(EXERCISE MATERIALS)
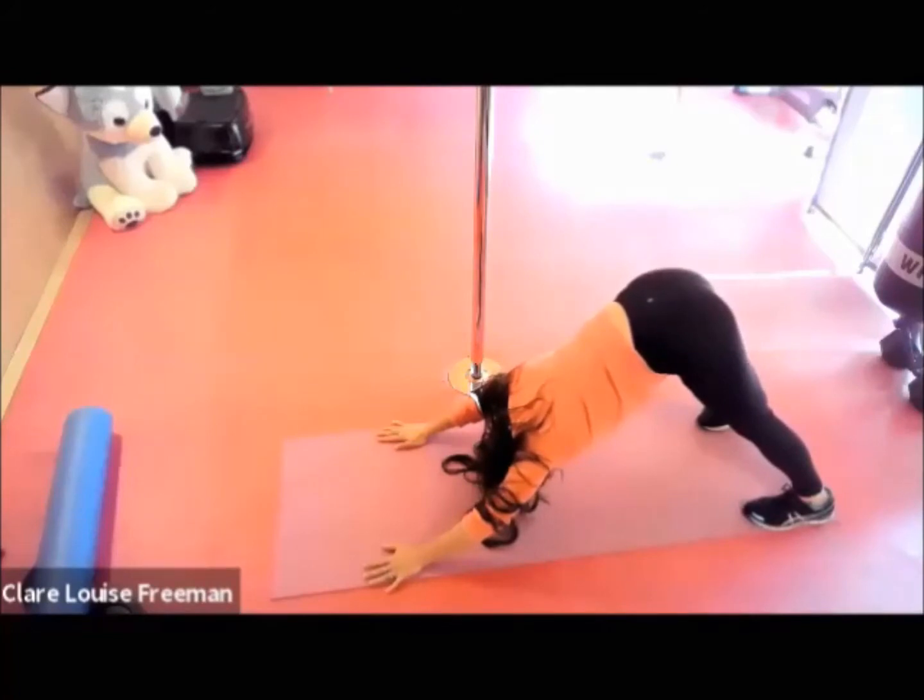A really nice way of just lengthening out tightness in the calves. It's common for these to be short, particularly when struggling with backache.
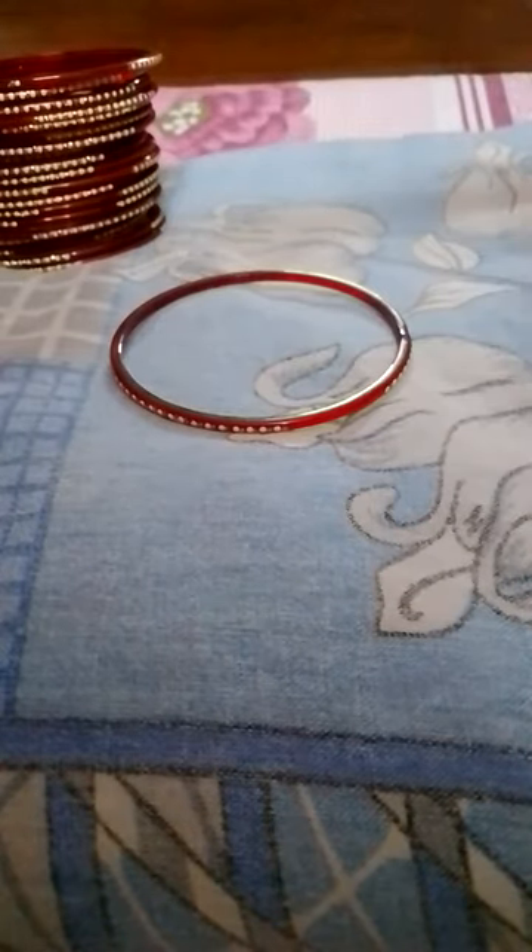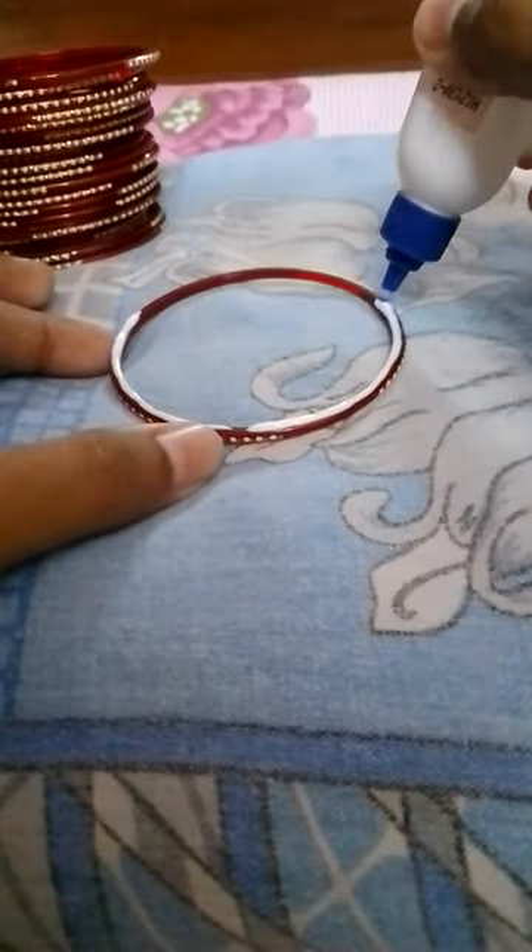First, take a bangle and apply fevicol like this. Then apply the other bangle. You have to paste all of the bangles like this — let's paste them.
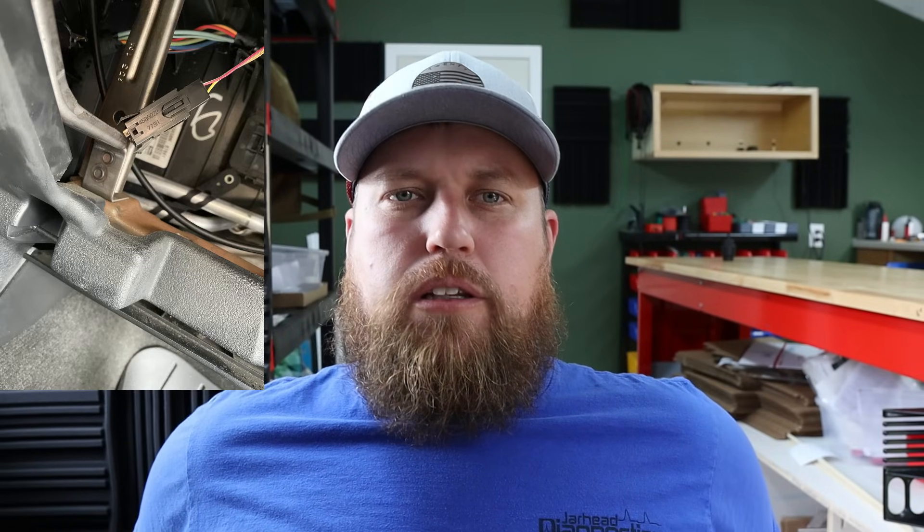Thank you guys for hanging out on this one. It was a very quick down-and-dirty diag — no thrills, no big fancy tools, just a test light, and we found that short to ground. Granted, that one was an extremely easy one — a careless error on the previous shop's installation of the dash. But the diagnostic process still holds true whether it's more difficult to find: figure out which circuit is shorted and go from there. Always remember — did you die today, bro?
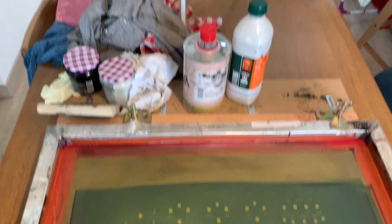Hey, Brian here, Signal Chain. I'm going to take you through the process of how I silkscreen all my pedal enclosures.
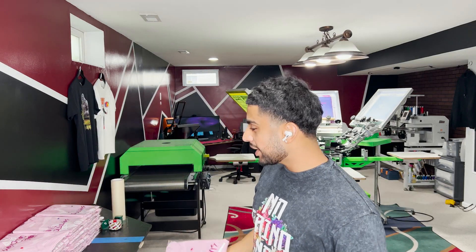I got all of these folded and bagged up — these look fire. Let's go take a closer look at them.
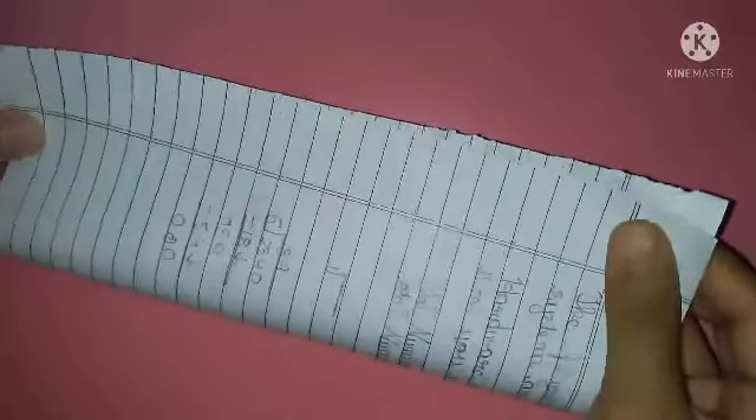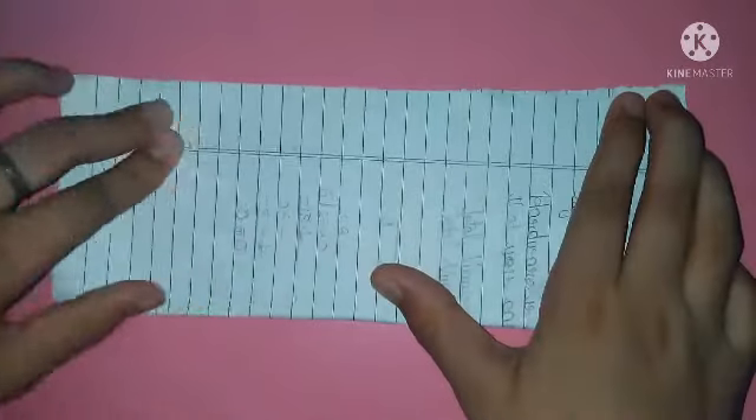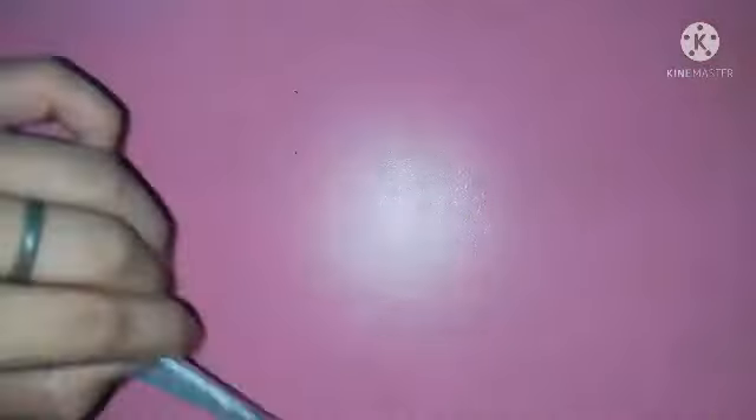Friends, first we will take one paper. It's very easy — you have to just fold it like this. Vertically you have to fold it and meet it from the first edge to the last edge like this, for making the strips. So let me do the same with it. Now we have folded it as per the width of the paper. So now again we have to do the same thing, and in this way we have folded the paper.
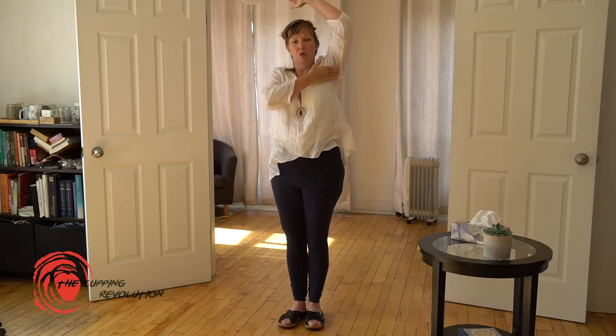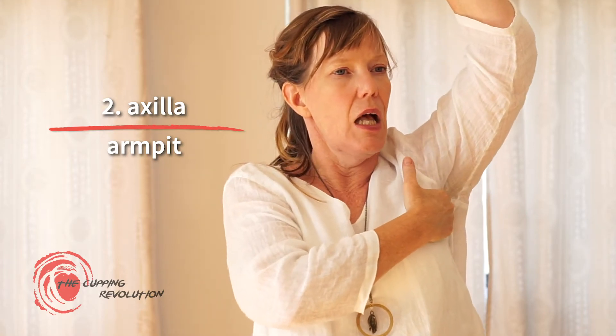The second endangerment area to be cautious of is the axilla — right in the middle of the armpit. This area is where the blood supply for your arms comes closest to the surface, so we don't want to place a cup right in the armpit area.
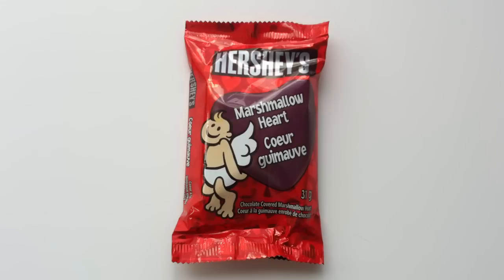Hello everyone, welcome to Walking the Candy Aisle. Once again, I am Jeff, and today I have another post-Valentine's Day 2014 review for you.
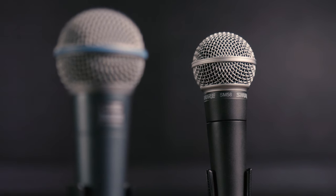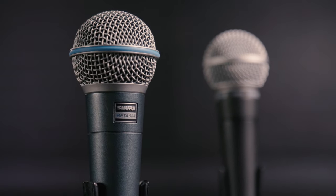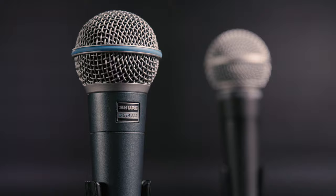What's the difference between a Shure SM58 and a Beta 58? This is a very common question. Both are great microphones with outstanding sound quality and performance in a wide range of situations and applications.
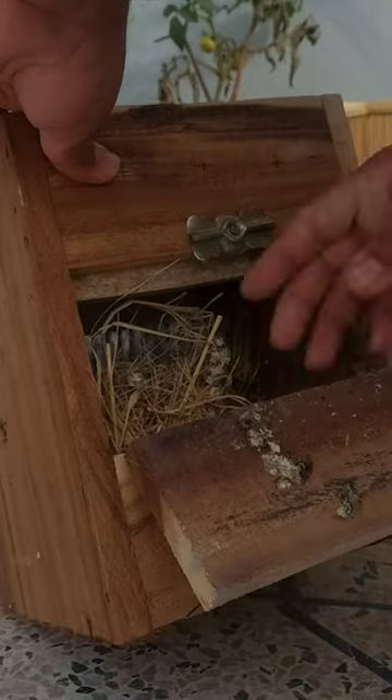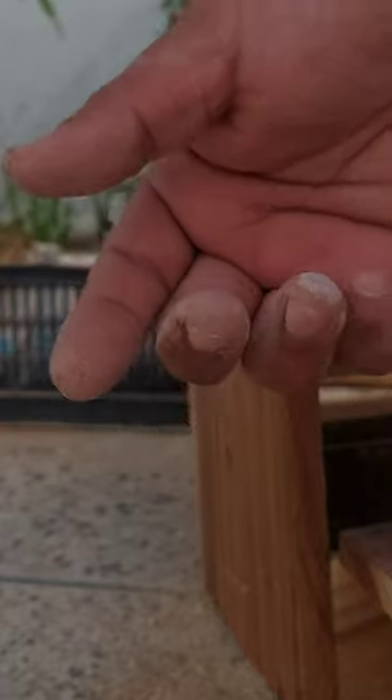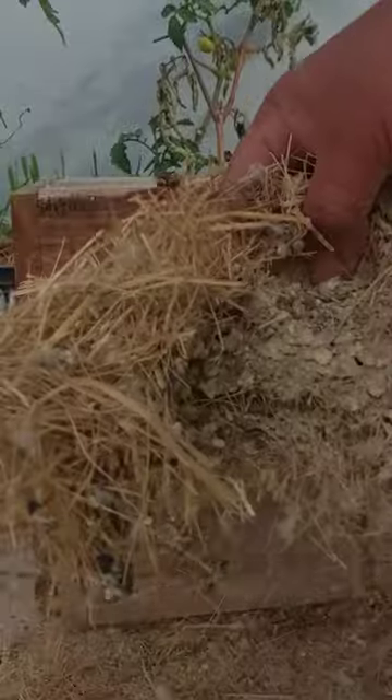This is how you remove all the stuff from the box. Take a mask and gloves. You will find things that you were looking at in the box, because these things are brought to your nest box. Look, this is all the stuff we have removed.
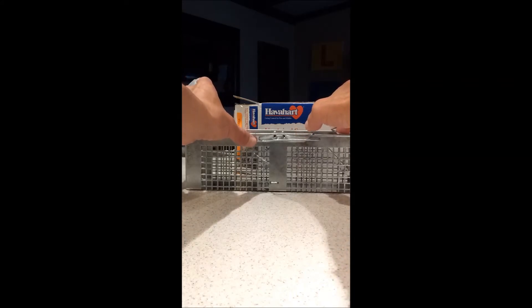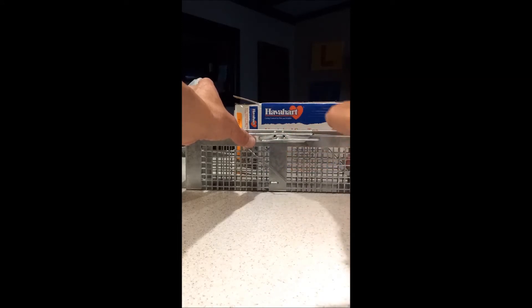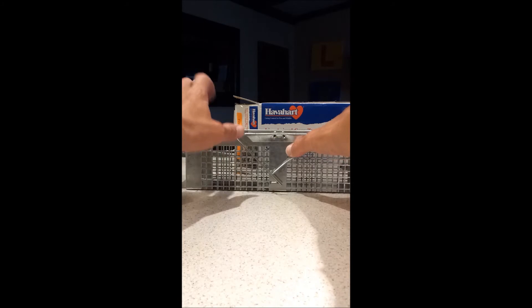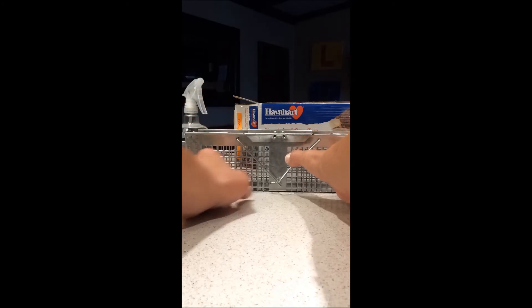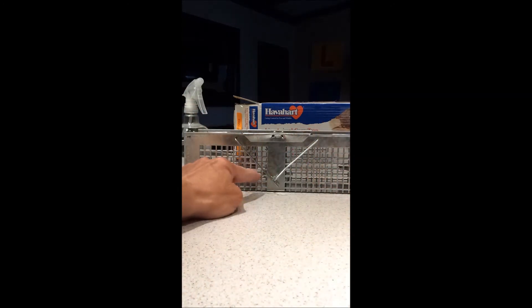It just rotates back and forth. You've got these side flaps that are holding the doors down once the animal gets inside. To set it, you just want to hold these two up. Make sure that the straight bar is underneath the crooked bar, then you can let go — the doors are now opening. Place the crooked bar precariously under that little piece of metal that's hooked to the inside attachment and sticking out the side.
(End EXERCISE MATERIALS)
DIRECTIONS: The answer is the entries above, given again exactly, with no pictures among them.

ANSWER SECTION:
A really nice way of just lengthening out tightness in the calves. It's common for these to be short, particularly when struggling with backache.
First, take a bangle and apply fevicol like this. Then apply the other bangle. You have to paste all of the bangles like this — let's paste them.
Thank you guys for hanging out on this one. It was a very quick down-and-dirty diag — no thrills, no big fancy tools, just a test light, and we found that short to ground. Granted, that one was an extremely easy one — a careless error on the previous shop's installation of the dash. But the diagnostic process still holds true whether it's more difficult to find: figure out which circuit is shorted and go from there. Always remember — did you die today, bro?
Hey, Brian here, Signal Chain. I'm going to take you through the process of how I silkscreen all my pedal enclosures.
I got all of these folded and bagged up — these look fire. Let's go take a closer look at them.
Friends, first we will take one paper. It's very easy — you have to just fold it like this. Vertically you have to fold it and meet it from the first edge to the last edge like this, for making the strips. So let me do the same with it. Now we have folded it as per the width of the paper. So now again we have to do the same thing, and in this way we have folded the paper.
The second endangerment area to be cautious of is the axilla — right in the middle of the armpit. This area is where the blood supply for your arms comes closest to the surface, so we don't want to place a cup right in the armpit area.
Hello everyone, welcome to Walking the Candy Aisle. Once again, I am Jeff, and today I have another post-Valentine's Day 2014 review for you.
What's the difference between a Shure SM58 and a Beta 58? This is a very common question. Both are great microphones with outstanding sound quality and performance in a wide range of situations and applications.
This is how you remove all the stuff from the box. Take a mask and gloves. You will find things that you were looking at in the box, because these things are brought to your nest box. Look, this is all the stuff we have removed.
It just rotates back and forth. You've got these side flaps that are holding the doors down once the animal gets inside. To set it, you just want to hold these two up. Make sure that the straight bar is underneath the crooked bar, then you can let go — the doors are now opening. Place the crooked bar precariously under that little piece of metal that's hooked to the inside attachment and sticking out the side.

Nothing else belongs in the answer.